An obvious candidate that may explain a portion of the risk association is the presence of a BRCA1 germ-line mutation. Previous studies have shown that germ-line mutations in BRCA1 are more frequent in serous ovarian cases than other ovarian subtypes, and considerably more frequent in triple-negative breast cases than other breast cancer subtypes, suggesting that BRCA1 germ-line mutations represent an important risk factor that explains a portion of the elevated concordance between triple-negative breast and serous ovarian cancers in our study (Mavaddat et al, 2012). Further, although the prevalence of BRCA1 mutations in the USA population is low, the high relative risks of breast and ovarian cancer among mutation carriers lead to much higher prevalences of germ-line BRCA1 mutations in cases, and especially in those with double primaries. While among breast cancer patients in northern California the prevalence of BRCA1 mutations is only about 2% (John et al, 2007), the prevalence in ovarian cancer patients is higher (13% for BRCA1 and BRCA2 combined) (Arts-de Jong et al, 2016) and the reported prevalence in cases with double breast–ovary primaries is higher still, in the region of 35% (Evans et al, 2010; Cvelbar et al, 2011; Pilarski et al, 2012). Clearly, a study involving genotyping would be necessary to resolve the extent to which these mutations may explain the increased similarity of the risk profiles of basal-like breast and high-grade serous ovarian cancers. Conversely, there are also important distinctions between these subtypes in that by definition triple-negative tumours are ER negative, whereas serous ovarian tumours are predominantly ER positive, suggesting that while there must be important commonalities in their risk profiles there must also be important differences (Shafrir et al, 2016).
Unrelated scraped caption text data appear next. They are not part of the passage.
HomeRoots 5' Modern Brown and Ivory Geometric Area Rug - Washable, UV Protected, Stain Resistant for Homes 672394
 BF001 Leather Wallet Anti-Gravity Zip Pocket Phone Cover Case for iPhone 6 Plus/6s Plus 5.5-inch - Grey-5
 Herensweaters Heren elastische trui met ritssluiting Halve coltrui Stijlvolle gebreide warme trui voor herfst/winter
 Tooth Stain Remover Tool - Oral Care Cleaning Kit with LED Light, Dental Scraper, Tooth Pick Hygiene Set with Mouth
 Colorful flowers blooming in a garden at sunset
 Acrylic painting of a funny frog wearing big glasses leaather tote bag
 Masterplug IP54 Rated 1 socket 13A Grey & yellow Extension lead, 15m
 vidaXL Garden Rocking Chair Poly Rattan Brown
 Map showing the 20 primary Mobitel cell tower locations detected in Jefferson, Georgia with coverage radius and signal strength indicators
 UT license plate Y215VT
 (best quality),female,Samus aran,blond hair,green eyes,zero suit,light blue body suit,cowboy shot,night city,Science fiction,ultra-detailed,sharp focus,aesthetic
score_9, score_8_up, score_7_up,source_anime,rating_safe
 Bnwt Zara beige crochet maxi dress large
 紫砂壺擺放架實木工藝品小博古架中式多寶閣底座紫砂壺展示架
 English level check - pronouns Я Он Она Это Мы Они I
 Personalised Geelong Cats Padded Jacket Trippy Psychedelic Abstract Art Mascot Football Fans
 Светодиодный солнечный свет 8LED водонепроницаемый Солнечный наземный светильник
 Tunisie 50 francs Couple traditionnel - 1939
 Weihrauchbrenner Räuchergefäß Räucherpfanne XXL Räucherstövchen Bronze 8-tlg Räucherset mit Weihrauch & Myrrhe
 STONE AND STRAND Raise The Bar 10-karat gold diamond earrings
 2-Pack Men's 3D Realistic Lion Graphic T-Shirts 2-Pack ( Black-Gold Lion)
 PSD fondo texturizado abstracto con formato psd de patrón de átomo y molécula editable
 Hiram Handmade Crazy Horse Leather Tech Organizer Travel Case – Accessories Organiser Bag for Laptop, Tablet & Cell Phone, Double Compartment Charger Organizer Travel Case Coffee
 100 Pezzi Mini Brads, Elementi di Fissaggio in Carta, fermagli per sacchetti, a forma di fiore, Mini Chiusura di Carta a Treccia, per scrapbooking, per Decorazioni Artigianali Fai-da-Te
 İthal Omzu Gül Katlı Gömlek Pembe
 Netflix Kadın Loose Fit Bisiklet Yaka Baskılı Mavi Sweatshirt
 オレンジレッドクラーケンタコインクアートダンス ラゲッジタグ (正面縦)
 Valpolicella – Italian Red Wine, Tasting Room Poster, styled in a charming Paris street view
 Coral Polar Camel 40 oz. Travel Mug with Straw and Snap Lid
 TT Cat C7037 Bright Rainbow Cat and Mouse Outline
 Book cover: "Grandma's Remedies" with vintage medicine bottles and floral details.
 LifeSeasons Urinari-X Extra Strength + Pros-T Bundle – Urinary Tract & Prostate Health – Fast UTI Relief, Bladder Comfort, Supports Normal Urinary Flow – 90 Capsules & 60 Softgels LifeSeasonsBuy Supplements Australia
It is interesting that we did not observe evidence of a shared aetiology for the other subtype combinations, even though, for example, luminal breast cancers and endometrioid ovarian cancers are characterised by hormone receptor expression (Anderson et al, 2014) and have similar reproductive risk factors (Hecht et al, 2009).

One limitation of our study is that treatment for the first primary cancer could differentially impact incidence of subtypes of the second primary tumour. For example, bilateral oophorectomy for ovarian cancer treatment may lower the incidence of hormonally sensitive luminal A breast tumours more than triple-negative tumours (Press et al, 2011; Boggs et al, 2014). Subtype misclassification is also an issue, although ovarian cancer histology is reasonably well classified and subtyping for breast cancer was relatively standardised during the period of our study (Köbel et al, 2013). Further, we used triple-negative breast cancers as a surrogate for basal-like, recognising that only about 80% of triple negatives will be truly basal-like (Rakha and Ellis, 2009; Curtis et al, 2012). While we were unable to characterise serous ovarian cancer by grade, few serous tumours are low-grade (Matsuno et al, 2013). Despite these potential sources of bias, we believe that the results are sufficiently strong that they provide substantial evidence of the common aetiology of basal-like breast cancer and high-grade serous ovarian cancer. It is critical to identify both shared and non-shared risk factors for high-grade serous and basal-like breast cancer as these are the most aggressive types of these cancers. Further research should examine risk factor profiles of tumours across anatomic sites that share molecular features.